Ralph Kramden never ‘won out. ’ His schemes always failed. He never defeated the opposition. There were episodes where Ralph faced devious opponents, and he himself, (the hero) always lost in the end. It is possible that Ralphs constant get rich schemes could have somehow made him a part of the devious society. Looking at it that way would negate him being the hero, and make some sense as to why he never succeeded. Another reason that Ralph may have never succeeded could be the Self-Fulfilling Prophecy. This simply states that we believe what others say about ourselves.
Ralph often referred to himself as a ‘loser,’ and a ‘failure. ’ In episode 26 entitled ‘Young Man With A Horn,’ Ed brought him an application for a new higher paying job and Ralph said: “What’s the sense in trying? ” Ed Norton Ed Norton was Ralphs best friend. He lived happily upstairs with his wife Trixie. Ed worked in the sewer. Although he had a fun loving personality, one could tell that he was somewhat ashamed of what he did for a living. In episode 27 entitled: ‘Head of the House,’ during an interview with a reporter, Ed said he was: “An engineer, in subterranean sanitation.
An interesting character, Ed had a vivid imagination. He would talk about his favorite television character, ‘Captain Video,’ as if he were a real person. This is a form of reification. Reification is defined as a process where you take a sign or symbol that has no grounding in society, and make it real. Ed practiced this often. In episode 14 entitled: ‘The Man From Space,’ Ed rented a costume of his favorite person, Pierre Franscois De La Brioski. He claimed that Brioski designed and built the sewers of Paris. One of the things that made this character funny to audiences was his kinesics, or bodily movements.
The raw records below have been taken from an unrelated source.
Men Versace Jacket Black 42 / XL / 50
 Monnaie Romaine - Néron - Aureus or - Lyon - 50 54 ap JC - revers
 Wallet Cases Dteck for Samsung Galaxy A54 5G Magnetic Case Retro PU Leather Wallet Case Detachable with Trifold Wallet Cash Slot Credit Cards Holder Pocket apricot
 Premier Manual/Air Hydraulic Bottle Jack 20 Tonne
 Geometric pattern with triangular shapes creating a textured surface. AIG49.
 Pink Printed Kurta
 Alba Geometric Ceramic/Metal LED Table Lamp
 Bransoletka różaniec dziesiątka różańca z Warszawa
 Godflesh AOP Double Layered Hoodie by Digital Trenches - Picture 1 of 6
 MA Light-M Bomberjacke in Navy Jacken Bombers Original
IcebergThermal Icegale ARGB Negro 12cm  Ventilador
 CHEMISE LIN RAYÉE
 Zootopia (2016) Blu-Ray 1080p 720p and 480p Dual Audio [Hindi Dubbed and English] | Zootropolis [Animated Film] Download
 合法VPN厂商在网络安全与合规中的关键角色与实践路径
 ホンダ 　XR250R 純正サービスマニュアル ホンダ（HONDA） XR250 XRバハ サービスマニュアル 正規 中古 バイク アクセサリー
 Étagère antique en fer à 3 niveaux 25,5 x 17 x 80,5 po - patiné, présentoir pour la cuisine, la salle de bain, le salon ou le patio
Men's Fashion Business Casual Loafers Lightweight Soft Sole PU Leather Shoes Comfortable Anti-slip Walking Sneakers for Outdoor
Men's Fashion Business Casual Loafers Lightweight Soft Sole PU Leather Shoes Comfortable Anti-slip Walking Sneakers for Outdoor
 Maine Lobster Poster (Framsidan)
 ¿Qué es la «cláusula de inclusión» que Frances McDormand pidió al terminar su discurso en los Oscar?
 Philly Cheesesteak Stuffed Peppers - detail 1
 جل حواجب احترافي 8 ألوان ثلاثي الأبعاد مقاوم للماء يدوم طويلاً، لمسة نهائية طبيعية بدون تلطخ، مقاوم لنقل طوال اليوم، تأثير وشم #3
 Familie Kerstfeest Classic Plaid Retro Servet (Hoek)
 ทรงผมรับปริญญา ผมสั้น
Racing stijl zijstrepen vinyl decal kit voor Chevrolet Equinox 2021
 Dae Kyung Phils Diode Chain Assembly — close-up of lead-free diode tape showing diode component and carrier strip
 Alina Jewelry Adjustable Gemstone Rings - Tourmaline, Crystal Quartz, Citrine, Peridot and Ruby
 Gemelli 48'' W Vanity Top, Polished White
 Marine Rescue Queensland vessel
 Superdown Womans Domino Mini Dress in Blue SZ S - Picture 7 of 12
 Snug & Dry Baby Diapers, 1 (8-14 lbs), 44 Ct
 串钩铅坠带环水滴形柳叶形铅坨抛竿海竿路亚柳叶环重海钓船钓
He was always dancing, jumping around, or making some sort of funny movements. Physical comedy was a big thing during this particular time period, and Art Carney,(the actor who played Ed Norton) was considered one of the best of his time. “Art Carney, as upstairs neighbor Ed Norton, provides Gleason with the perfect foil. Sewer worker Norton possessed the patience of the dull, which the manic, irritable, hyperactive Ralph simply could not bear. Another supreme Gleason moment is his slow burn as Norton takes impossible seconds to remove gloves, shuffle cards, or limber his fingers to play the piano. (Demographic Vistas, p. 114) The talented Art Carney actually originated the role of Felix Unger, opposite Walter Matthau in the original Broadway production of “The Odd Couple. ” Also, it helped that neither Ed or Ralph had Logos, or Logic. They would get into situations and do things that would boggle the mind of a rational thinking person. What made Edward Lily-White Norton such an interesting character was that he was better off than Ralph. He made the same money Ralph did, and yet he had a television set, a vacuum cleaner, even an electric stove. (Episode 1, T. V Or Not T.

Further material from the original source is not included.